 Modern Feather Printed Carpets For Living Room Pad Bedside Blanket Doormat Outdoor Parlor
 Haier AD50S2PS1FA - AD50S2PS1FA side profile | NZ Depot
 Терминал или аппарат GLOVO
——
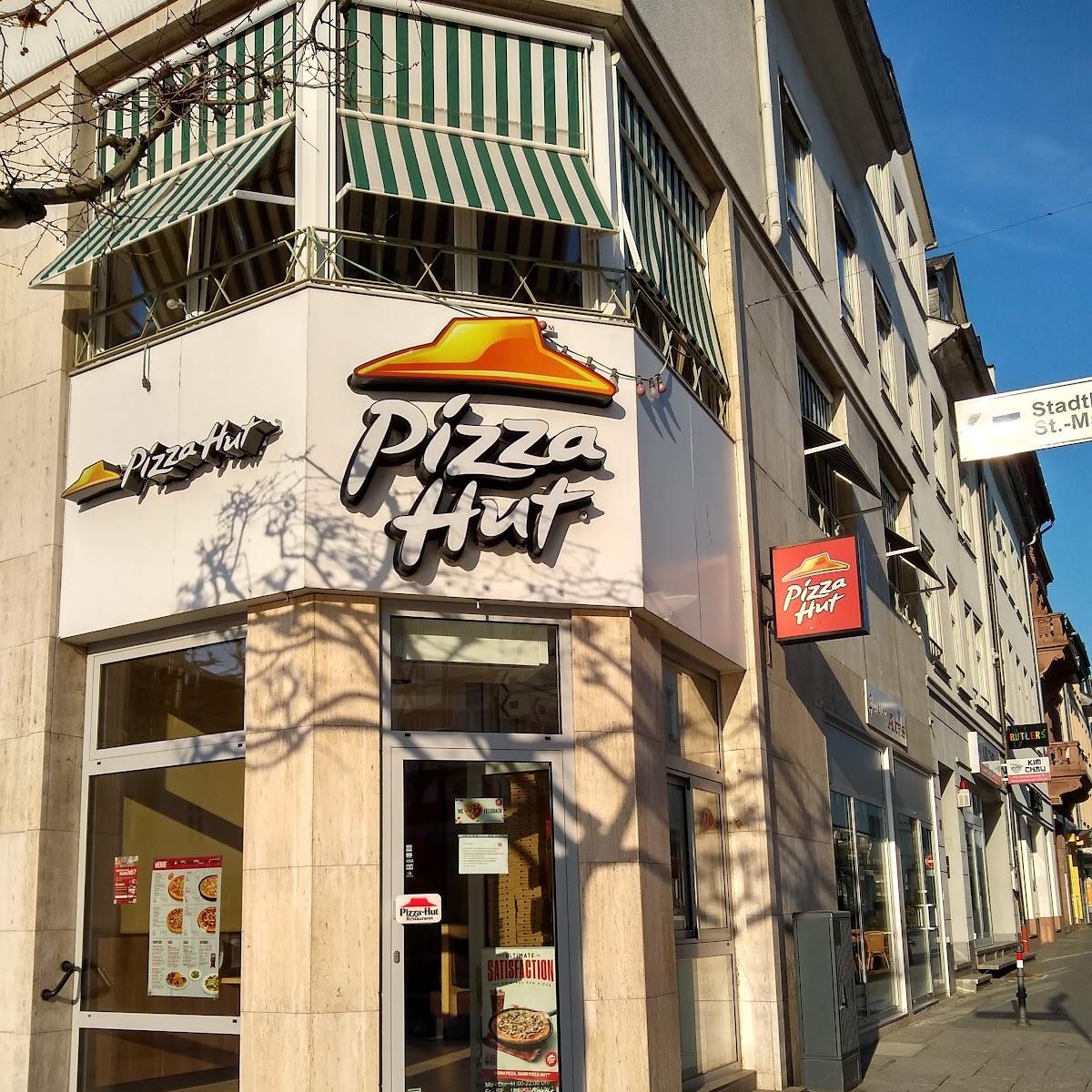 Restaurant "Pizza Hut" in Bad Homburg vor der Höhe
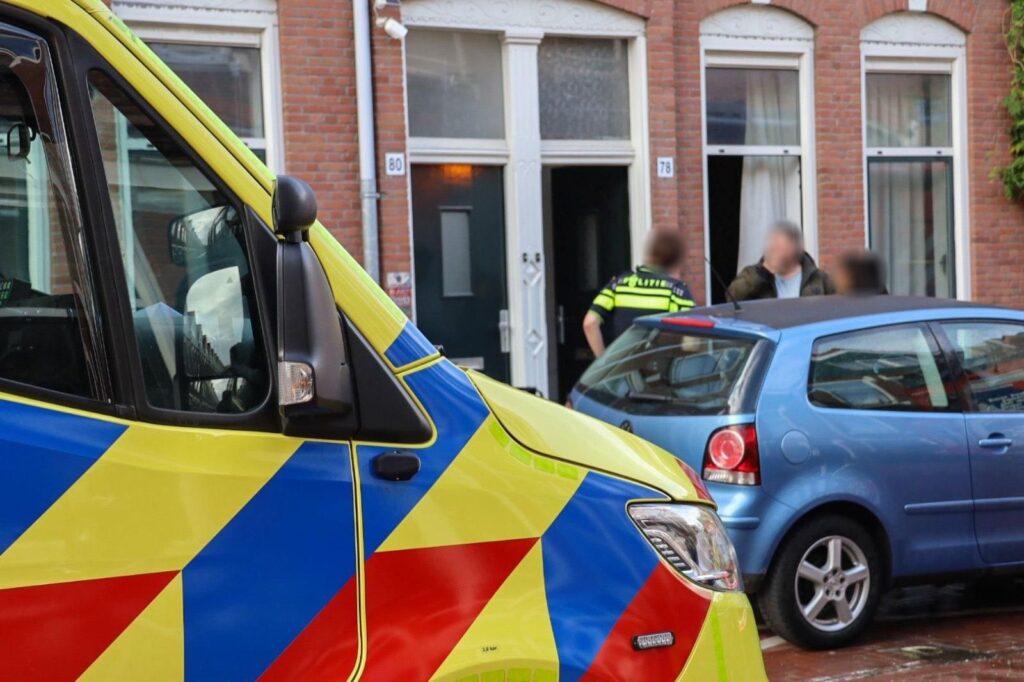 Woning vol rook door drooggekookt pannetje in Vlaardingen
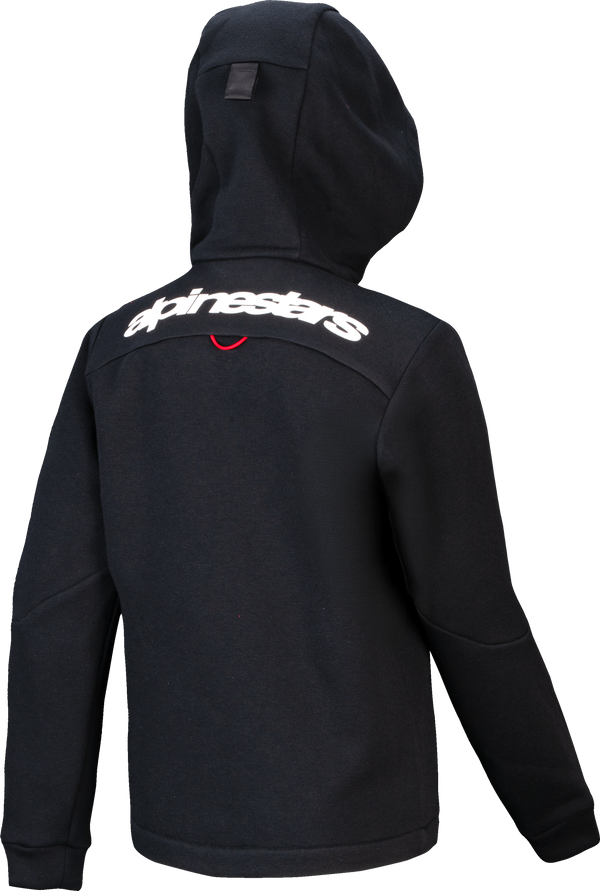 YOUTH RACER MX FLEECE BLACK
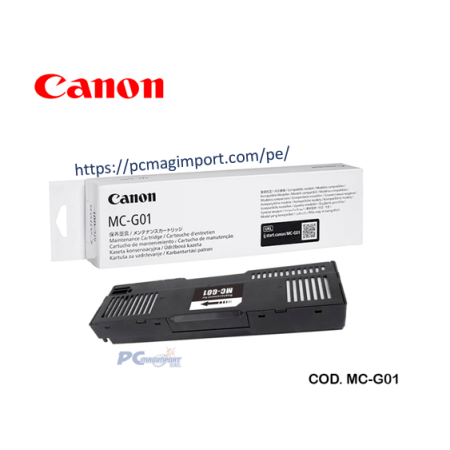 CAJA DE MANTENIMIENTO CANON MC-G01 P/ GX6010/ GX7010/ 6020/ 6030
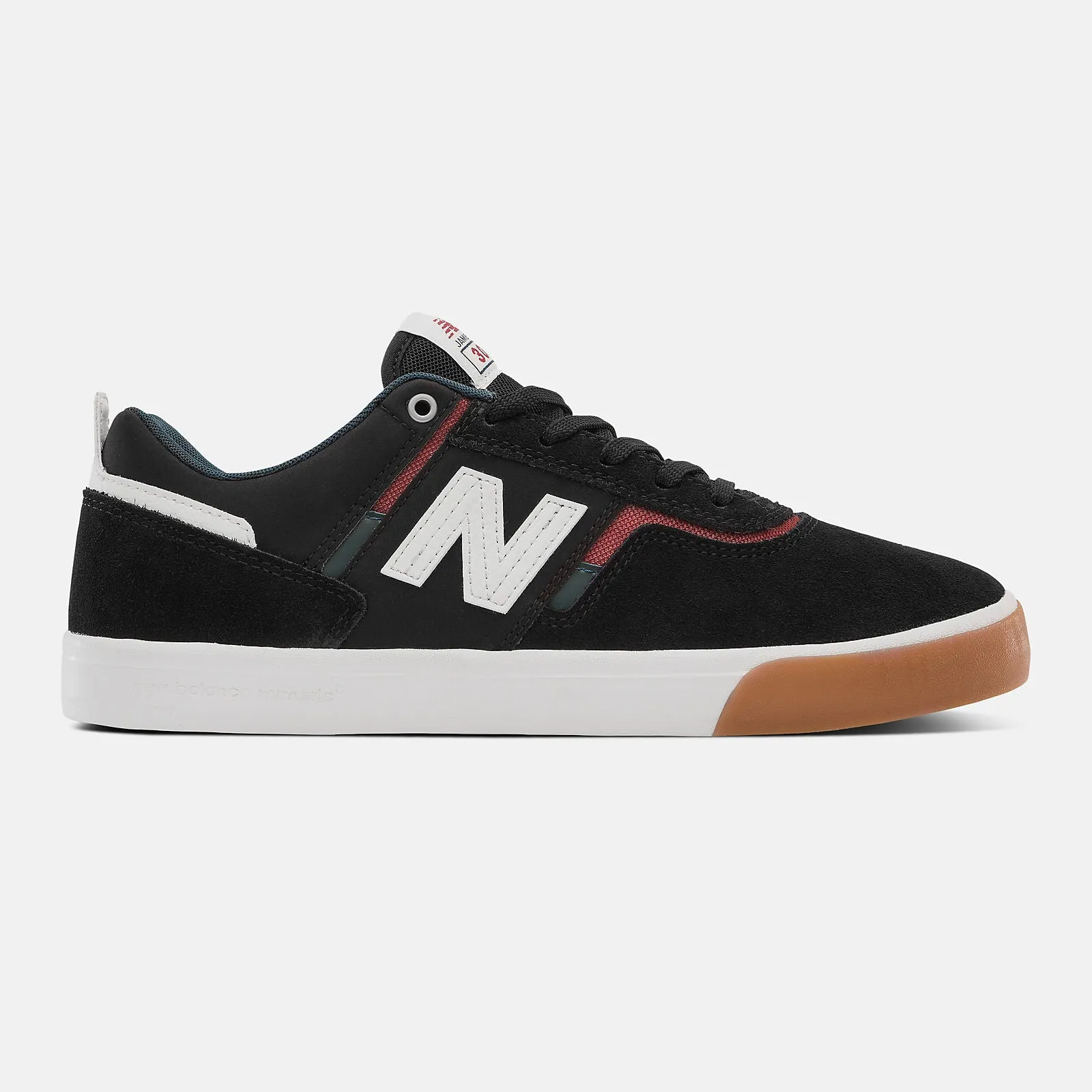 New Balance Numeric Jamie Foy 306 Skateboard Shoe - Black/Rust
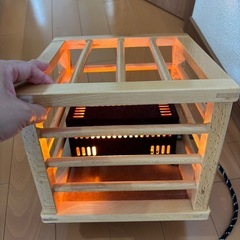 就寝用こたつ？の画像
——
> _WHAT TO DO_
Only the lines above starting at the one containing "Modern Feather Printed" and ending at the one containing "Терминал или аппарат GLOVO", both included, are to be returned, exactly as they read.

> _SOLUTION TO THE PROBLEM_
 Modern Feather Printed Carpets For Living Room Pad Bedside Blanket Doormat Outdoor Parlor
 Haier AD50S2PS1FA - AD50S2PS1FA side profile | NZ Depot
 Терминал или аппарат GLOVO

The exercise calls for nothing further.